(TASK STATEMENT):
Begin at the line with "ZIPhome.ee image 1" and output every line through the end of the records, exactly as given. Omit pictures.

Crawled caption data
——————
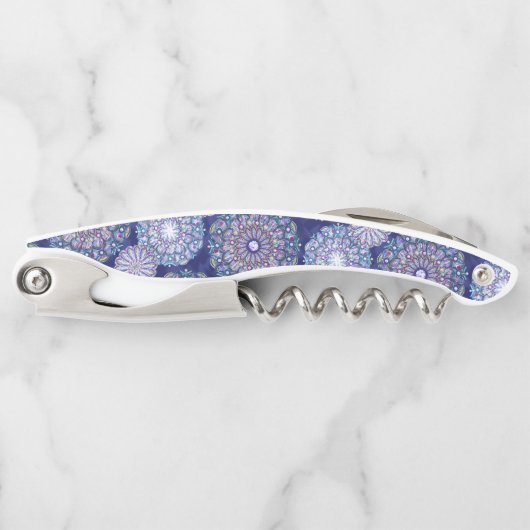 Tire-bouchon Rosace bleue (Devant)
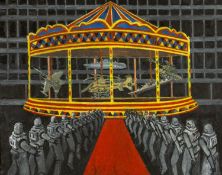 PHILIP MUIRDEN (Welsh 1932 - 2023) oil on canvas - title to label upon frame 'Carousel', 60 x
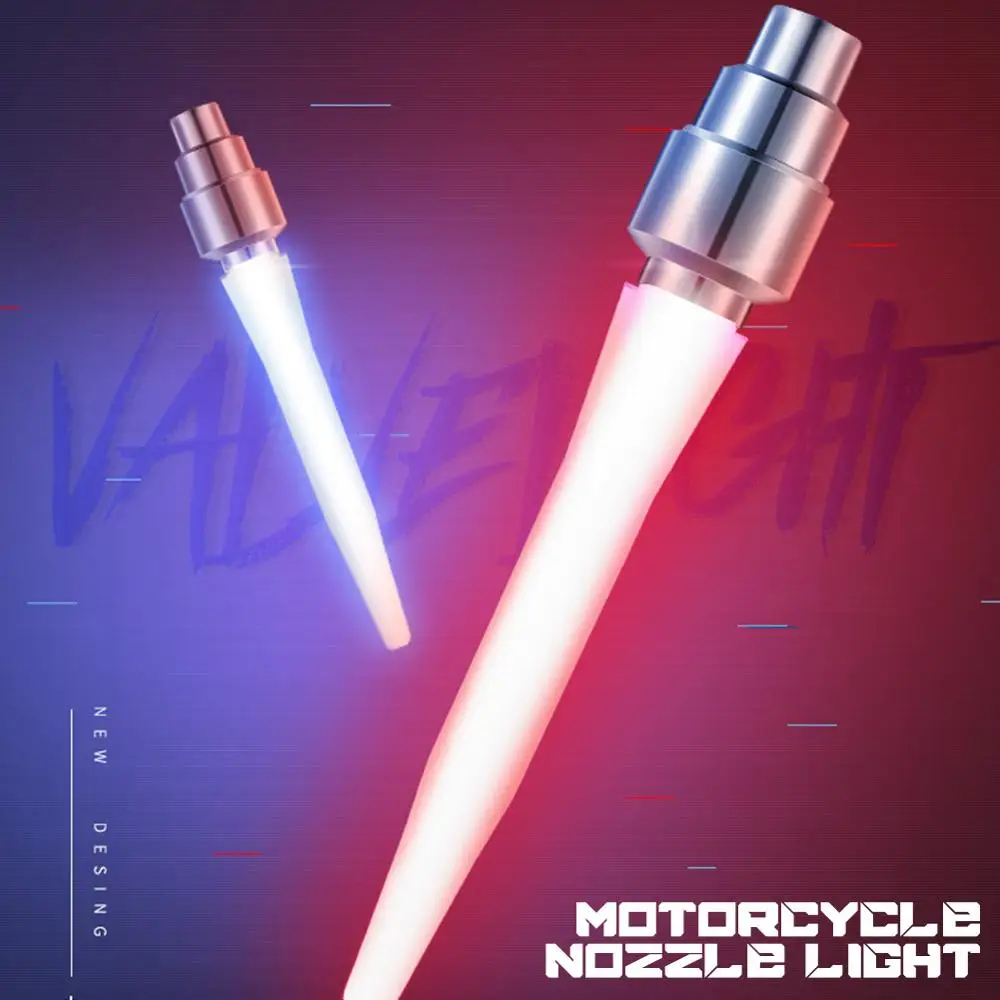 

2pcs LED Bike motorcycle Nozzle Light Road Cycling Spoke Lamp Tyre Tire Valve Caps Wheel LED Bicycle Light Bike Accessories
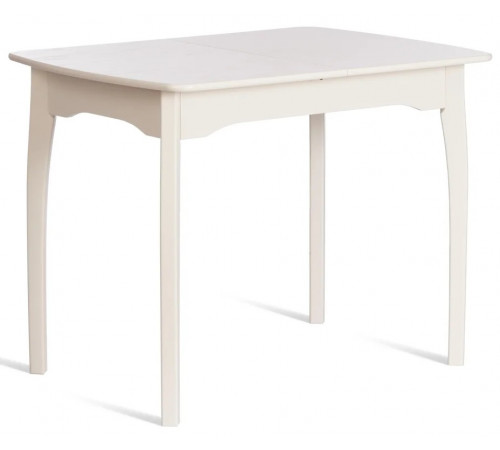 Стол CATERINA бук, мдф, 100+30x70x75, Ivory white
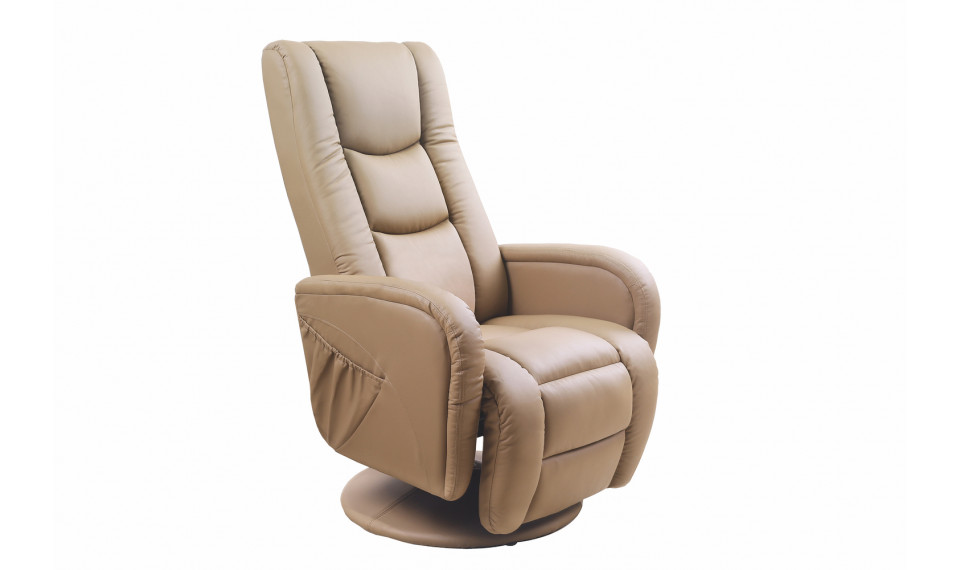 PULSAR Recliner with massage function, eco leather, color: beige | 100% Quality PULSAR Recliner with massage function, eco leather, color: beige | Armchairs | ZIPhome.ee image 1
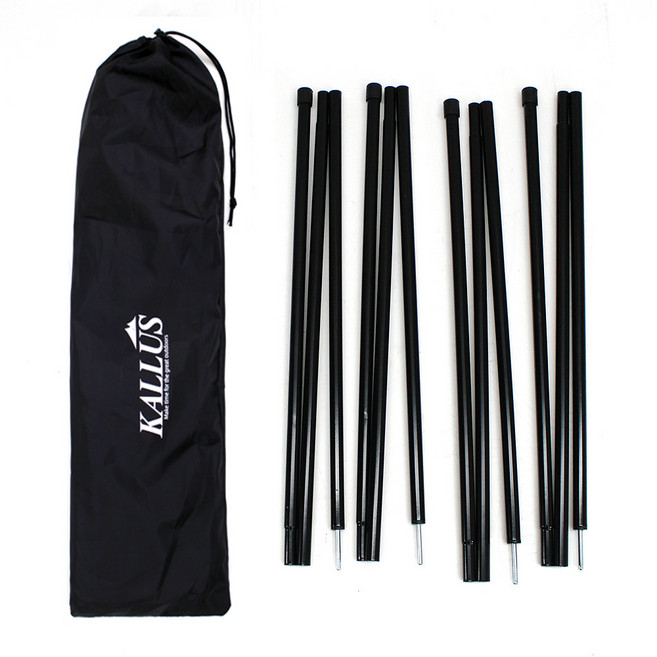 캠프21 타프 보조폴대 세트 4개, 블랙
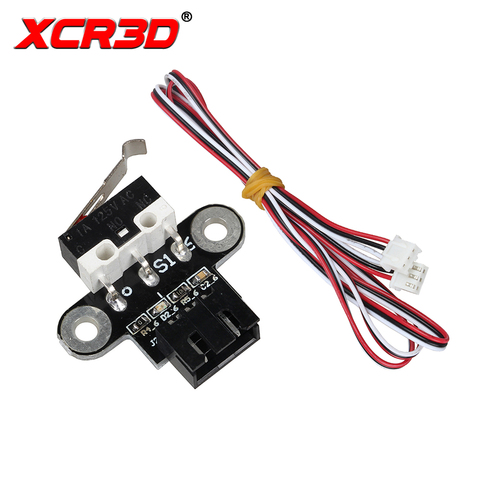 XCR3D 3D Printer Parts Mechanical Limit Switch Module Horizontal Type Endstop With 1M Cable For DIY Motherboard Reprap Ramps1.4 ► Photo 1/6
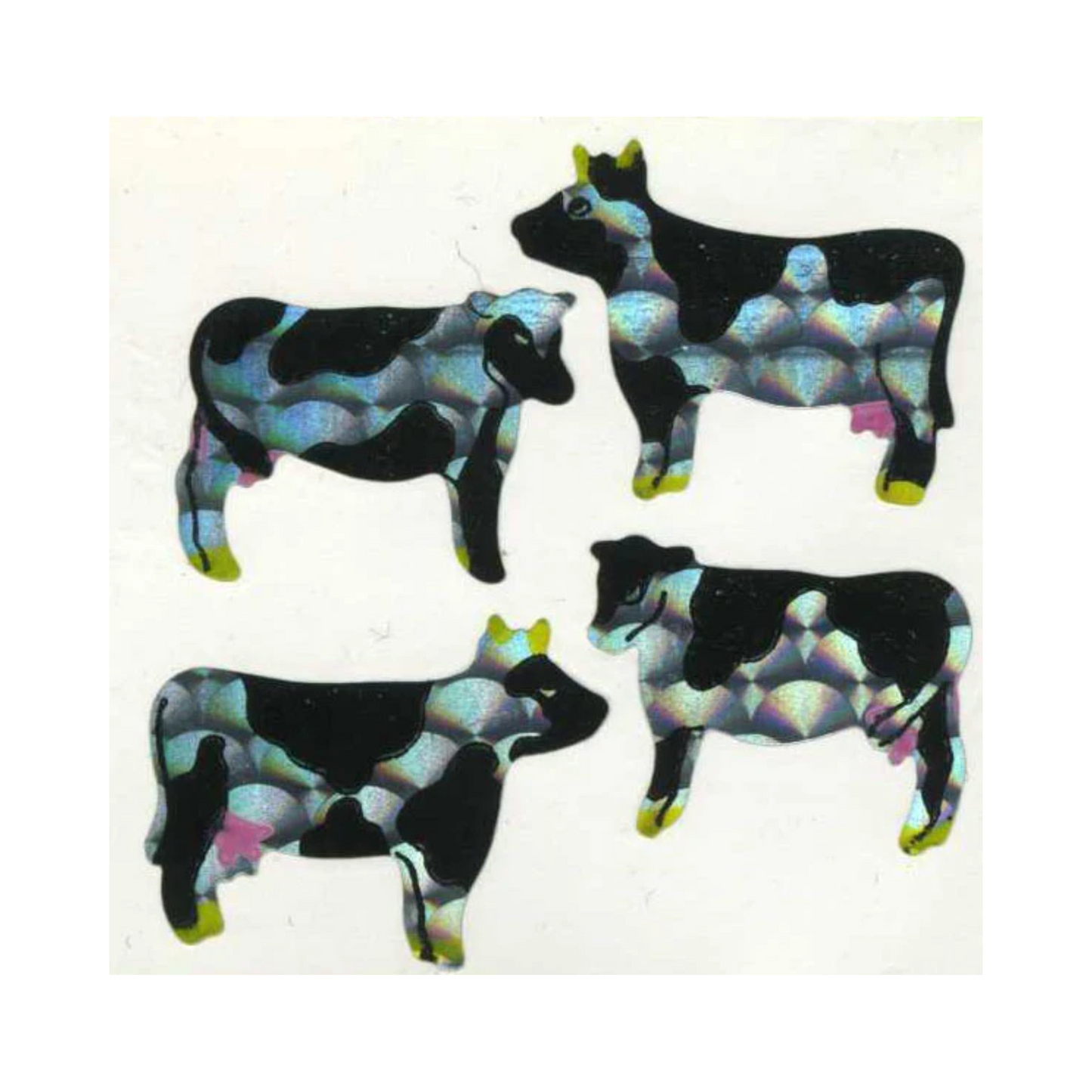 Sparkle Cow Stickers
——————
(YOUR SOLUTION):
 PULSAR Recliner with massage function, eco leather, color: beige | 100% Quality PULSAR Recliner with massage function, eco leather, color: beige | Armchairs | ZIPhome.ee image 1
 캠프21 타프 보조폴대 세트 4개, 블랙
 XCR3D 3D Printer Parts Mechanical Limit Switch Module Horizontal Type Endstop With 1M Cable For DIY Motherboard Reprap Ramps1.4 ► Photo 1/6
 Sparkle Cow Stickers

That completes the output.